Notre Dame’s New Business Analytics Master’s

A new MSBA offers students a chance to study on the historic Notre Dame campus. Photo by Matt Cashore/University of Notre Dame

Program Name: Master of Science in Business Analytics

School: Notre Dame University’s Mendoza College of Business

Length of Program: 12 months

Cost: Tuition and fees in 2019-2020 are estimated at $51,000 to $52,000

Notre Dame’s historic campus figures prominently in preparations for attracting students to the new Master of Science in Business Analytics program at the Mendoza College of Business, for which applications opened August 1 and which will begin in the fall of 2019. That’s because administrators want to distinguish between the new program on the South Bend, Indiana campus and Notre Dame’s already flourishing nonresidential MSBA-Chicago program for working professionals at its campus in downtown Chicago, as well as the dual-degree MBA/MSBA in South Bend that was introduced in the fall of 2017.

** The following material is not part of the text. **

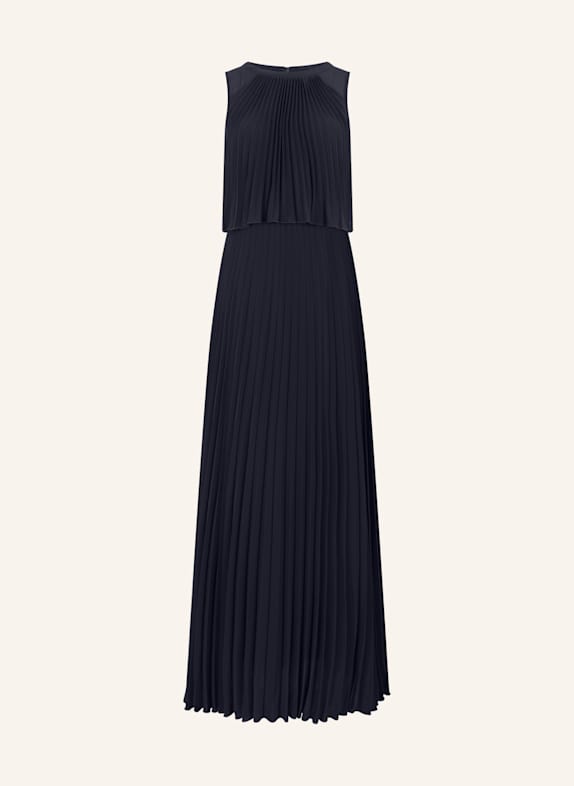 APART Langes Chiffonkleid DUNKELBLAU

They also recognize what a selling point the historic campus is.

Not only does the new MSBA program’s website boast frequent references to that campus’s best-known features, but applicants who are strongly committed to coming to South Bend have their own “early round” application deadline. And Notre Dame’s celebrated grounds are among the first thing mentioned by Ron Easley, who designed the curriculum for the new program, when he spoke recently with Poets&Quants.

“A number of years ago we launched a niche program, an MSBA for working professionals in the Chicago market, and it made sense then to go after a niche market rather than try to jump in with a residential program, which was a much more competitive market,” says Easley, John W. Berry Sr. professor of business and chair of the Information Technology, Analytics, and Operations Department at Notre Dame Mendoza. “We were getting applications or people expressing interest who were either too young for the executive-style program in Chicago, or they hadn’t worked much or weren’t working at all. We were hearing from people who didn’t want an MBA, they just wanted the MSBA. So we thought, ‘OK, now is the time to enter the traditional core market.’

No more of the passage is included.